We ran into our next patient’s Door Dash delivery on the front porch, bringing the aroma of hashbrowns in with us before assessing a resolving case of cellulitis. We finished our exam in front of a paused video game, the sounds of which echoed into the stairwell on our way out.
It is true that you learn a lot about patients by seeing them in their home environment, but I would argue that the most important thing you can learn is that being a patient is a small, time-limited, situationally dependent part of who they are. Being a patient rarely fills an entire day. It takes minutes to administer most IV medications and to collect labs. The first time I learned about Home Hospital I was reflexively skeptical about the idea of providing an inpatient level of care at home. If a patient is sick enough to warrant admission to the hospital, don’t they need to be at the hospital? Often, but not always. A patient may need vital sign monitoring, oxygen, serial exams, daily labs, IV medications, wound care, physical therapy or occupational therapy — all of which the Home Hospital team can provide at home if it is determined to be safe to do so. The silver lining is that when the patient is not being a patient, their time is their own. How they get to spend that valuable and limited resource is now, fortunately, out of my hands.

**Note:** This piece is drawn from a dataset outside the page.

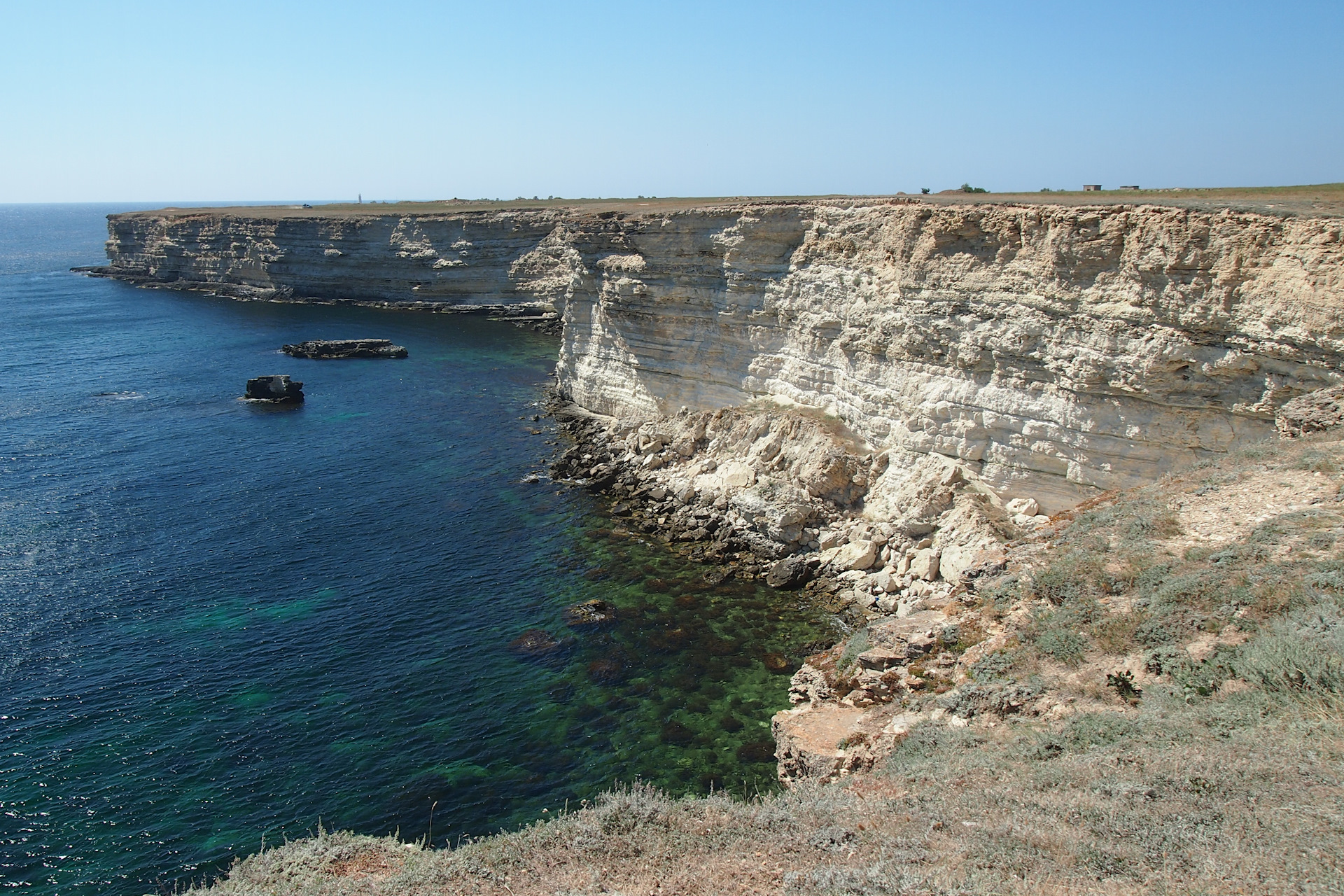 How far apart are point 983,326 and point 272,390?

This is my fourth and final year of residency, and I am excited to transition from a primarily inpatient schedule to a full-time job as a primary care provider next fall. I am very appreciative of my experience with Home Hospital, both for how it has made me a more cognizant inpatient provider and for how it has forced me to rethink the primary care space. Home Hospital encourages primary care physicians to rethink what our boundaries truly are in an ambulatory setting. As I start the next phase of my career, I’m excited to think of outpatient and inpatient levels of care as a spectrum rather than two discrete entities. Working to keep patients out of the hospital may be a challenge, but it will never be a waste of my time or my patients’ time.
One Response to “Home Hospital: Meeting Patients Where They Want to Be”
Another great benefit of being in home hospital is that you can get a full nights’ sleep with no interruptions – rather than being checked on often during the night which often involves lights, sounds, and maybe even the person sharing a room with you who may not have an emergency or possibly having a bad night. We had home hospital – it is just amazing and so much better, for all the reasons listed above. The other thing so great about it is patients can wait in ERs for hours and hours with bright lights, lots of hustle-bustle, and the gurneys get a bit uncomfortable after a while – if no beds are available, you can be there for a long time. We would do it again if we had to or request it outright as an option. Great program!!